Le 2/4 mars 2021, la Virginie


 

Dans le calendrier liturgique, on s’avance à grands pas vers Pâques.., on n’y est pas encore dans cet évangile mais ça viendra bientôt....et pour ce qui est des actualités ici, c'est plutôt calme  : les élections sont passées, le nouveau président n’envoie pas des tweets à tout bout de champ et l’ancien est toujours banni de la « tweetosphère » On est en période de jeûne, ça tombe bien !


 

Marc 10 : 17-23


 

Comme Jésus se mettait en chemin, un homme accourut, et se jetant à genoux devant lui: Bon maître, lui demanda-t-il, que dois-je faire pour hériter la vie éternelle?

Jésus lui dit: Pourquoi m'appelles-tu bon? Il n'y a de bon que Dieu seul.

Tu connais les commandements: Tu ne commettras point d'adultère; tu ne tueras point; tu ne déroberas point; tu ne diras point de faux témoignage; tu ne feras tort à personne; honore ton père et ta mère.

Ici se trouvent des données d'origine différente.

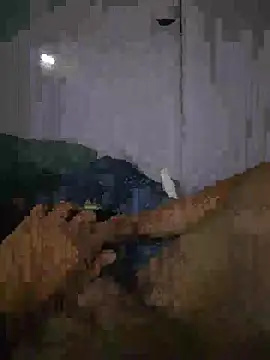 Snapshot of shainnfk chatting on March 1, 11:23 am shainnfk online show from March 1, 11:23 am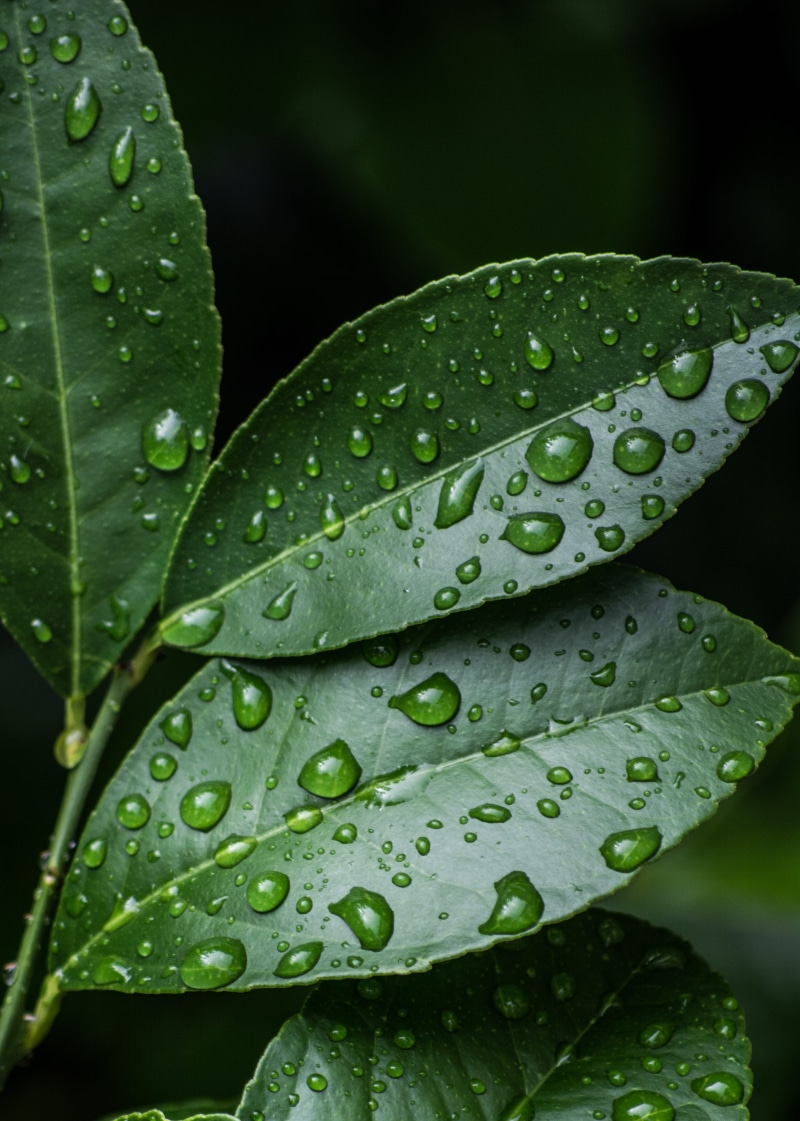 leaves, environment, day, nature, 4K, water, waterdrops, plant, drops of water, moisture, close-up, dew, leaf, freshness, outdoors, macro, raindrop, rainy season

Il lui répondit: Maître, j'ai observé toutes ces choses dès ma jeunesse.

Jésus, l'ayant regardé, l'aima, et lui dit: Il te manque une chose; va, vends tout ce que tu as, donne-le aux pauvres, et tu auras un trésor dans le ciel. Puis viens, et suis-moi.

Mais, affligé de cette parole, cet homme s'en alla tout triste; car il avait de grands biens.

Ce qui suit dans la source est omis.